Think about the last time you craved a piece of pastry, say Baklava for example. You thought about making it yourself but then thought twice because you don’t trust your baking skills. So, you head to the nearby pastry shop, order a nice piece of peanut filled Baklava, pay for it, enjoy eating it, and then carry on with your day.
Eating that piece of pastry sounds like a nice treat. But what if the experience doesn’t go as well as expected? What if the taste wasn’t the way your grandma used to make it for you? What if you preferred pistachio filling over peanuts? Will the baker make a special piece for you every time you want to change an ingredient? Will the baker share with you his recipe so you know what it is made of and remake it the way you want? Are you ready to spend money each time you have this craving?

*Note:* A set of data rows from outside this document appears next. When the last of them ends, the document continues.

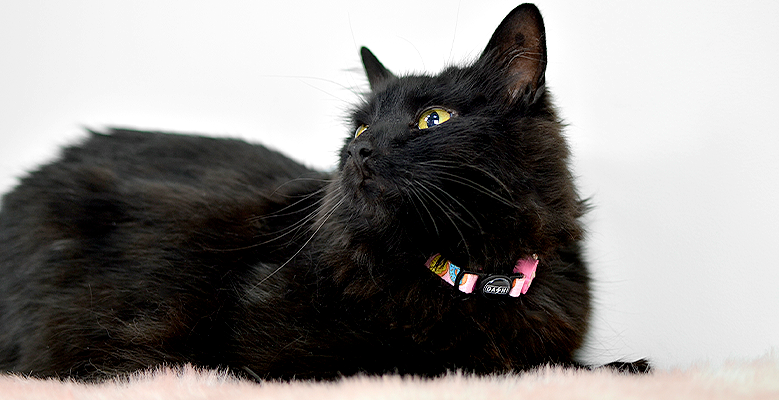Dashi Coleira Gato Donut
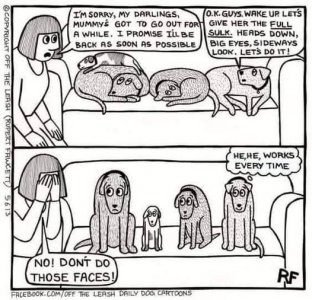 faces.jpg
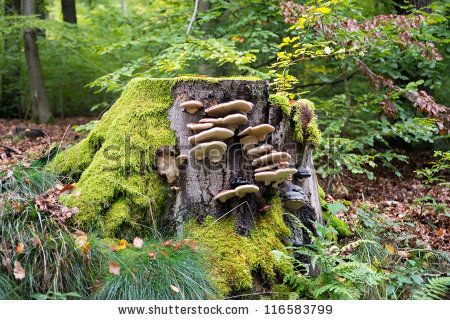 Mushrooms On Tree Stump, Mushroom On A Tree, Mushrooms On Trees Drawing, Mushroom Tree Stump, Mushroom On Trees, Mossy Tree Stump, Tree Stump Photography, Tree Stump Drawing, Tree Stump Painting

All of these are problems you can encounter because the Baklava pastry is closed source and they can be avoided if this pastry was open source instead. But wait a minute! What do pastry making and eating have to do with the software industry? What is a closed source and open source in the first place?
In this article, we will explain to you the unsuspected relationship between pastry and software and introduce you to some of the key concepts of open source from which you and your organization can benefit.

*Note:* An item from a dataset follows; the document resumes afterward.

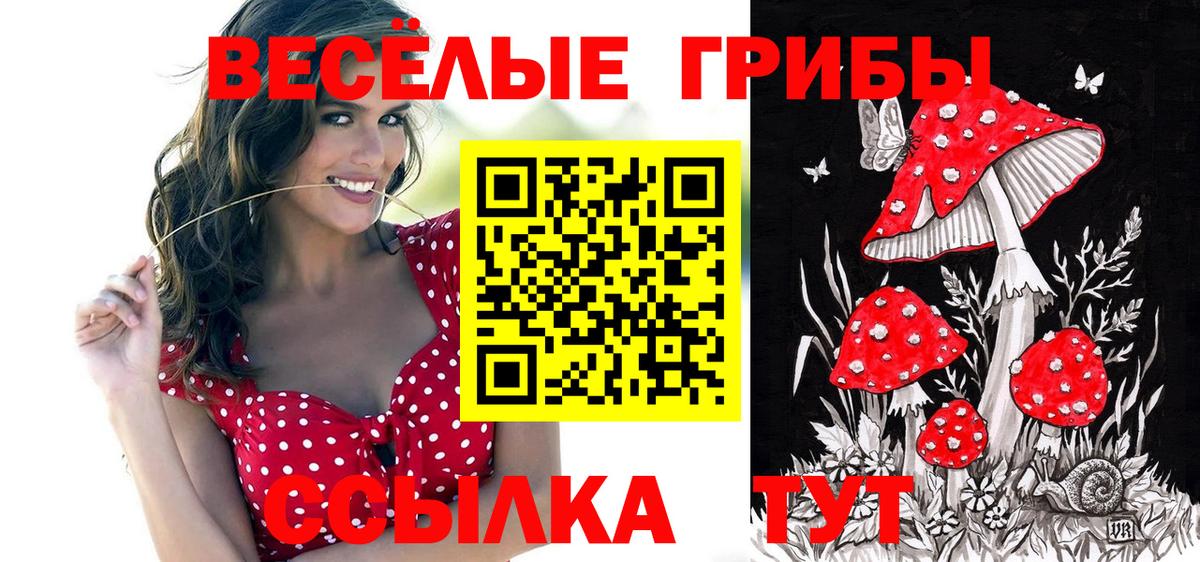 Котовск  Галлюциногенные грибы прущие грибы  Вход с VPN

What does software have to do with pastry?
Let’s reimagine the situation described above. Only this time instead of developing a craving for a piece of pastry, you have a problem in your project which requires software for it to be solved. Imagine that you do not have the time or the resources to build the software from scratch so you browse around until you find an appropriate solution provider. Typically, the provider is an established business that will sell you their proprietary software for use only after buying a license. This is what a typical proprietary software business model is like.
The problem with this model is that prices of proprietary licenses are quite expensive and could escalate to bleed your budget dry. Even worse, the tool itself is a black box where the source code (or the recipe in the case of Baklava) is closed and cannot be modified to meet your diverse needs. Besides, if for a reason you’re unsatisfied with the software and want to use a different one, you’ll suffer from a vendor lock-in that will reduce the flexibility of your decisions and most probably cost you a lot of money in the long term.
Now, let’s go back to the zero moments of truth when you are thinking about which and what pastry you want to eat. Luckily, you stumble upon your grandma’s old recipe book in one of your dusty bookshelves. The moment you open it, a wave of emotions rushes into you. You finally decide to dedicate the time to make that pastry exactly the way your grandma used to.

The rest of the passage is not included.